Ms Mente continued to express her concerns, and said that while there might be unintended consequences, the government should not overlook the fact that SOEs were expected to release their financial statements and annual reports to the public. She pointed out that these entities were striving to appear competitive in the market and raise funds but were grappling with organisational and leadership issues. She argued that providing mechanisms without proper leadership and accountability in place would be ineffective. She highlighted the contradiction where these entities aimed to borrow money while facing internal problems that had not been addressed. She criticised the lack of intention to fix these internal issues, and the absence of effective leadership.
Minister Godongwana interrupted to seek clarification on whether the stated losses of SOEs had been entirely integrated into their financial statements, or if there were underlying structural issues contributing to these losses. He proposed that the matter might extend beyond mere financial losses, and could be linked to management and other structural elements that warranted attention. He then asked Mr Khan to offer additional elucidation on this matter.
Mr Khan provided additional clarification, underscoring the expectation that individuals appointed to oversee SOEs were tasked with presenting solutions to tackle the challenges. He acknowledged that the exemption in question had been granted over a year ago, with its primary objective being to grant SOEs a competitive edge in the market, particularly in light of their historical difficulties. He clarified that the exemption aimed to ensure transparency and accountability within the domain of irregular expenditure. One condition of the exemption was that SOEs were required to report the state of irregular expenditure to their boards and management. However, in some instances, boards did not take collective action to address these issues effectively. He also suggested that reporting to oversight bodies such as Parliament and the Scopa could be contemplated to elevate the importance of the information provided in the reports. In summary, he reiterated that the exemption was designed to offer a market advantage, but would not resolve all the multifaceted challenges confronting SOEs.

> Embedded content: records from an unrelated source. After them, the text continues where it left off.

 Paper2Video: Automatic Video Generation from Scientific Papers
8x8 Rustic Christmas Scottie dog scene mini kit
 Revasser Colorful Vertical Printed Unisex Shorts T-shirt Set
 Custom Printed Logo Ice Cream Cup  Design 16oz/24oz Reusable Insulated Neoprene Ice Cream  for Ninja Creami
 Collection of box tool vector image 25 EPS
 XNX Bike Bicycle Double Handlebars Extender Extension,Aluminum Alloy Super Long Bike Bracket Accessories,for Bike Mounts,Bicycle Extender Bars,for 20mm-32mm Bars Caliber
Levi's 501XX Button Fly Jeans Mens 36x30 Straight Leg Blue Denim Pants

Ms Mente disagreed with Mr Khan's explanation, highlighting her concerns about the competence of certain individuals in key positions within the SOEs, and questioned how the exemptions and qualifications would help when there were fundamental issues, such as the inability to produce accurate financial statements. She pointed out specific issues in the bullet points within the presentation, including the qualification-related concerns. She argued that the individuals in charge of these institutions were incompetent, and questioned how the proposed solutions would address the underlying problems overall. She expressed scepticism about the effectiveness of the exemptions and qualifications in addressing the core issues within the SOEs, particularly when key financial information was lacking or inaccurate.
In his effort to assist the deliberations, the Chairperson stressed the importance of explaining the Transnet matter within its specific context, to avoid any misunderstanding among the Committee Members.

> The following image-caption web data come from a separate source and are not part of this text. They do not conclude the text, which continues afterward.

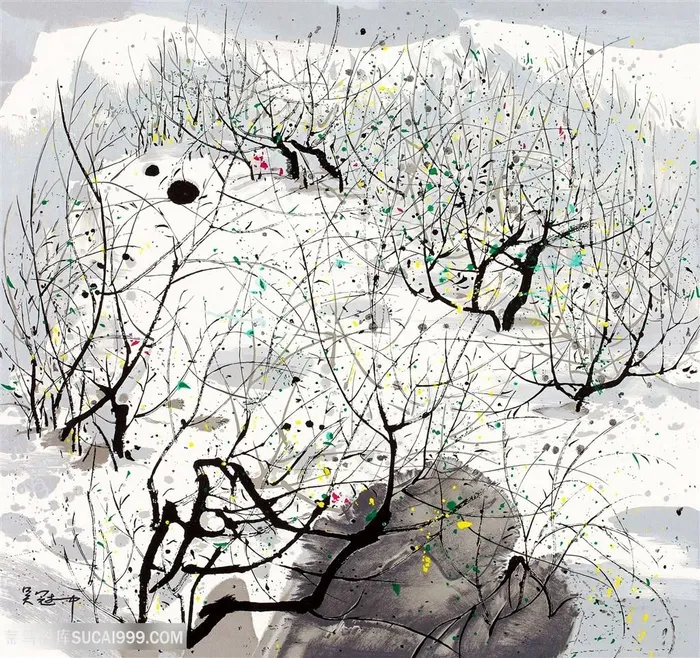 吴冠中手绘树林水墨风景画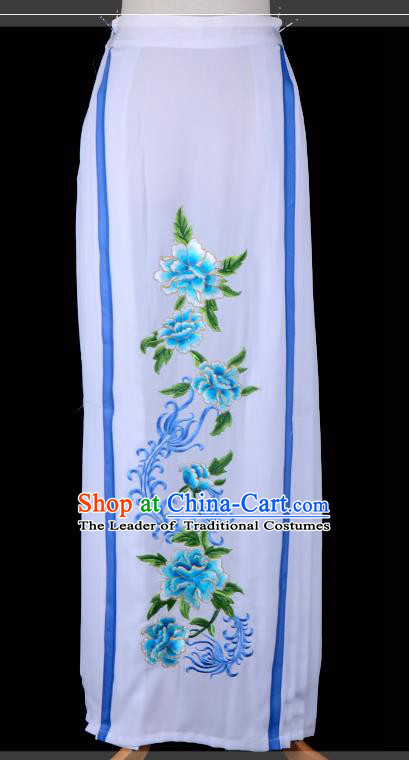 Traditional China Beijing Opera Young Lady Hua Tan Costume Embroidered Pleated Skirt, Ancient Chinese Peking Opera Diva Embroidery Blue Peony Dress Bust Skirt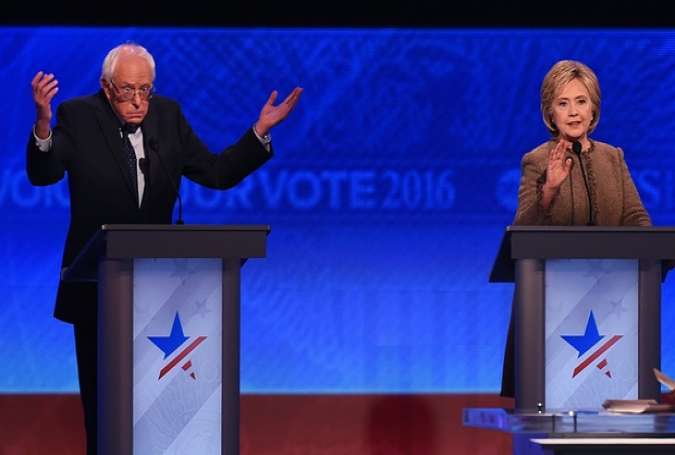 Democratic presidential hopefuls Hillary Clinton and Bernie Sanders disagree during the Democratic presidential debate last week in New Hampshire.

Mr Khan provided clarification, emphasising the distinction between the Transnet exemption and Instruction Note 4. He clarified that the Transnet exemption was governed by Section 92, whereas Instruction Note 4 focused on implementing a compliance framework for inclusion in the annual report. He stressed that Instruction 4 continued to be applicable to all state entities, including national and provincial departments, public entities, and others. Additionally, he noted that the specific exemption granted under Section 92 had a duration of three years. He acknowledged the importance of ongoing monitoring and evaluation to assess the effectiveness of these measures, and expressed agreement with the Chairperson's remarks regarding the underlying principles of the matter.

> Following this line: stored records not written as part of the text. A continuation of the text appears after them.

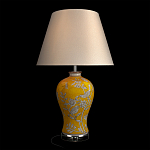 Настольная лампа желтая с изображением белых птиц Flight Among Acacia варинант исполнения - 2 | Loft Concept в Краснодаре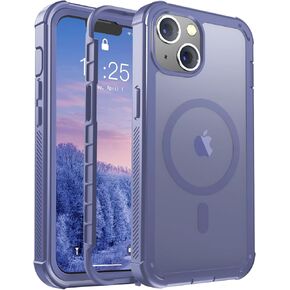 for iPhone 13 case, with [Compatible with MagSafe][Military Grade Drop Protection][Heavy Duty Protection][Non-Slip][Shockproof] with 2-Layer Durable Bumper Phone Case 6.1''-Black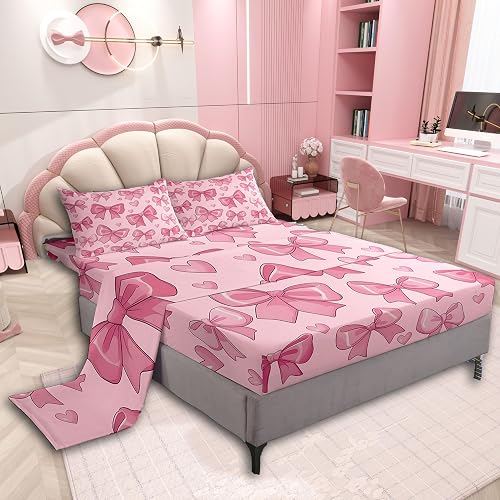 jejeloiu Pink Bow Bed Sheets Set Queen Size Kids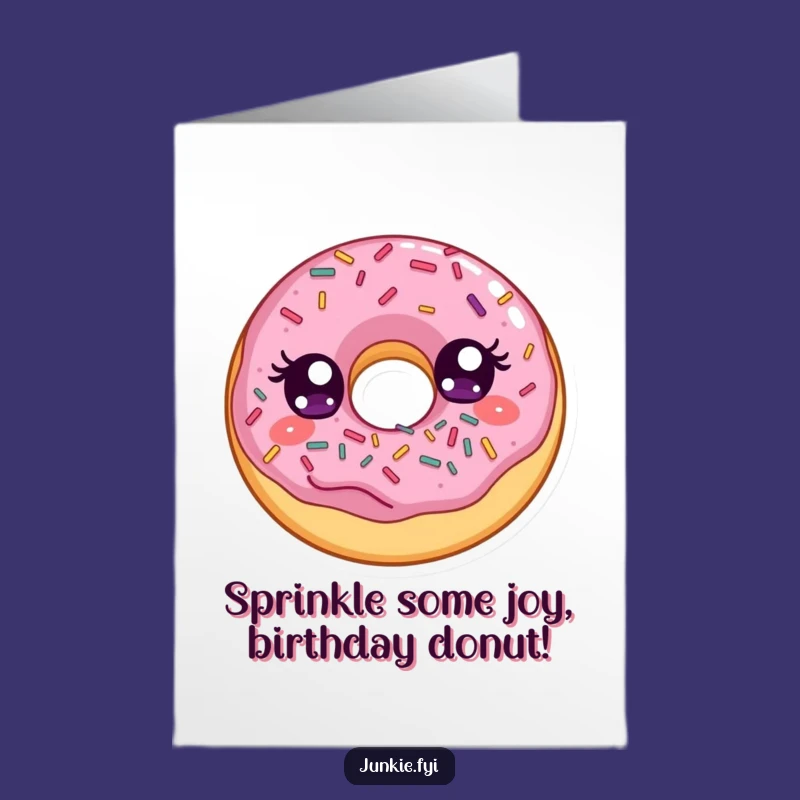 Free Printable Birthday Card: Funny Donut Lover Gift, Delightful Sprinkle Face Downloadable Card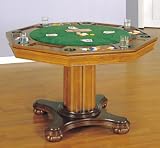 Powell 519-2071 Wilmington Cherry Gaming Table with Game Pieces - Top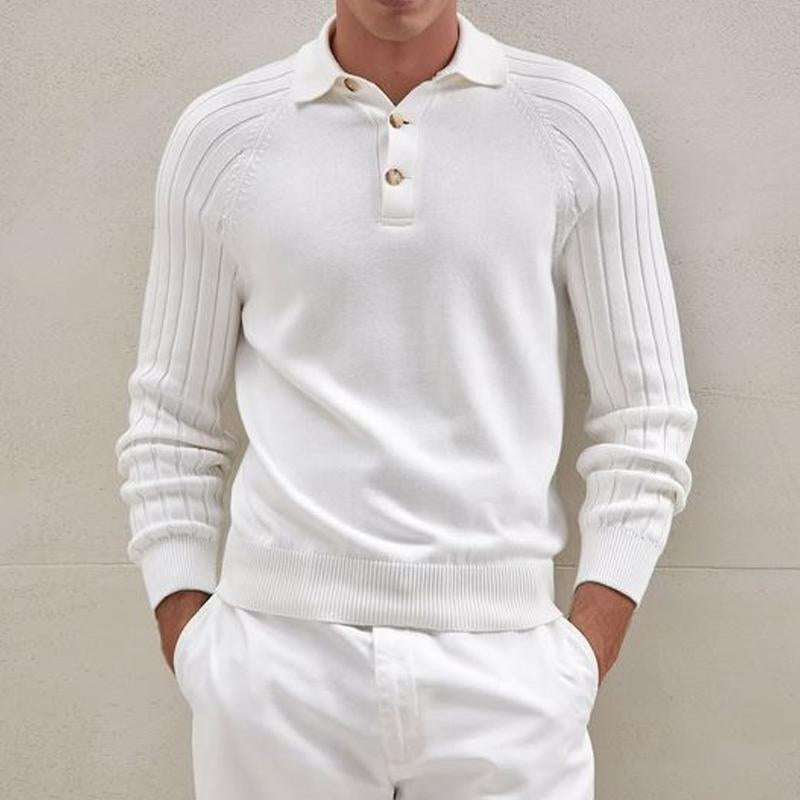 Men's Casual Solid Color Lapel Long Sleeve Knitted Sweater 80118178M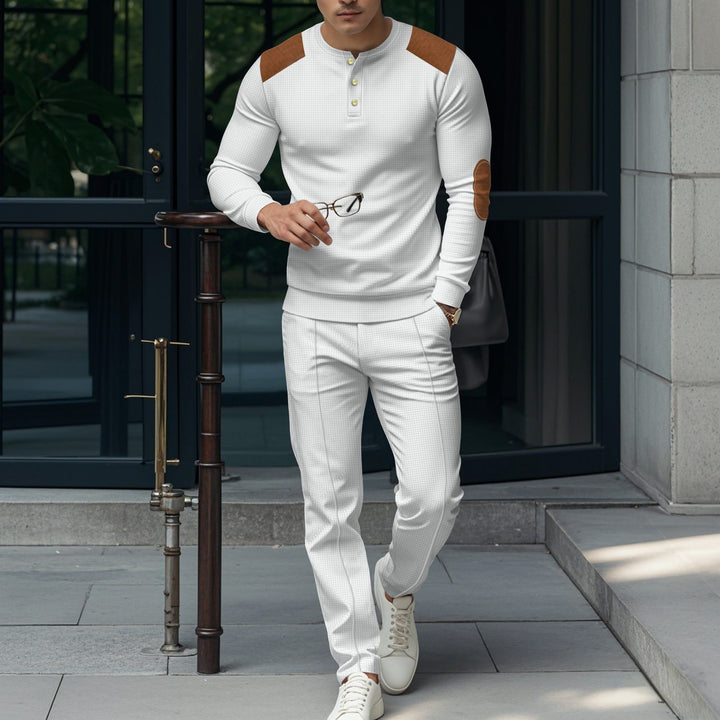 Men's stylish leisure set with practical buttons and leather applications Lisslune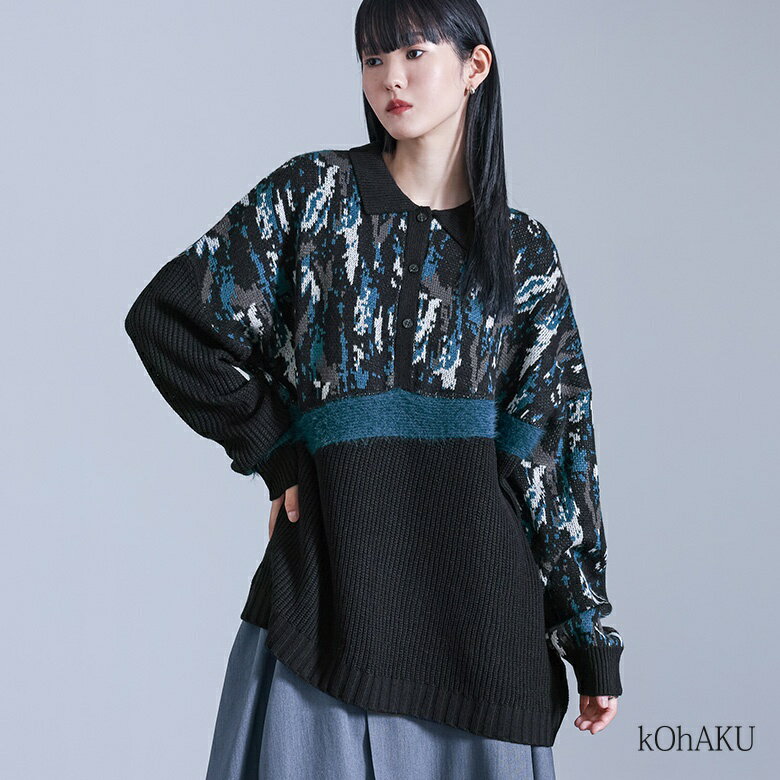 【30％OFF】ニット 長袖 レディース トップス セーター ポロニッ...(4)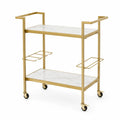 Carrito dorado con estantes de mármol 80x40x90 cm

Ms Mente reiterated her concerns about the financial outcomes, and highlighted the necessity of implementing a different set of rules to address the current circumstances. She said certain challenges, such as awaiting approvals, could result in significant delays during critical situations. She expressed her discontent with the existing approach, asserting that it failed to tackle the problem of incompetence, and may have severe repercussions for the country. She also advocated adopting more precise and targeted measures, rather than a broad exemption approach.
Mr S Somyo (ANC) started by expressing his concerns about the limitations of the proposed measures. He mentioned the need for compatibility, and asked about the specific criteria used to determine which entities were granted exemptions. He also highlighted the importance of assisting entities to move away from such exemptions and towards better financial management. He suggested that an assessment should be made to identify institutions failing to meet the standard of operation. He emphasised the need for transparency and accountability in the process. Finally, he questioned how the proposed measures would have incentivised performance and ensured accountability in the affected entities.
Mr Khan responded that the matter was currently undergoing deliberation within the Treasury. These discussions primarily revolved around determining the most effective model for reforming the use of deviations. The objective was to grant accounting officers the authority to make decisions that benefited their organisations, all the while upholding transparency and accountability through a well-defined reporting framework. He elaborated that prior experiences had highlighted challenges tied to decentralising deviations, which had resulted in corruption issues. Consequently, there was a shift toward centralising decision-making within the Treasury. However, this centralised approach sometimes led to delays in the decision-making process. Therefore, the ongoing conversation sought to strike a balance that empowers accounting officers without unfairly penalising contractors. These discussions represented a segment of ongoing reforms, and the dialogue would persist as they progressed toward introducing these reforms in Parliament.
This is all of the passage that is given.